GPU Gems 2 Chapter 46 describes sorting on the GPU.
Consider how you might use the Bubble-sort algorithm:
By accessing all N pixels of the column to be sorted per each output pixel, it will be very slow, since each output pixel reads N (with N^2 accesses - heavily affected by caching) and that's a lot of memory access. But it will work, and this code may actually make the most sense.
If you access only 2 input pixels per output pixel then you can effectively "swap" a pair of adjacent pixels on each pass. This may require up to N passes to displace a pixel N steps away. (You can count swaps and "break" early by using an occlusion query)
By combining techniques you can sample k pixels at a time, allowing a pixel to move up to k steps per pass, thus requiring N/k passes and make more efficient use of resources.
But the real high-performance solutions come from implementing smarter algorithms than just bubble sort.

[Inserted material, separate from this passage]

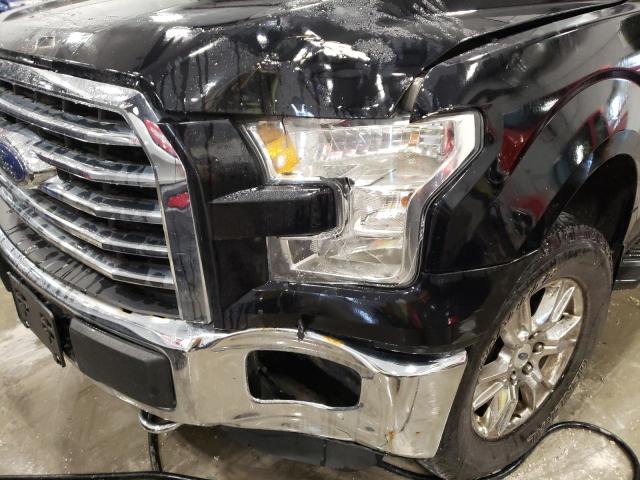 Photo 9 from auction – 2016 FORD F150 SUPER with VIN 1FTEW1EP0GKE40671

The GPU Gems article suggests a bitonic merge sort, and even heapsort and quicksort are possible with much cleverness.
But there's a lot to know to successfully craft an efficient implementation for a GPU algorithm--more than can be quickly discussed generally here. And you may want to go to a CUDA implementation rather than glsl. But then there's bank conflicts, warps, caching, sampling, swizzling. There's no quick answer.
I suggest you give it a try and then ask a more specific question when you get stuck.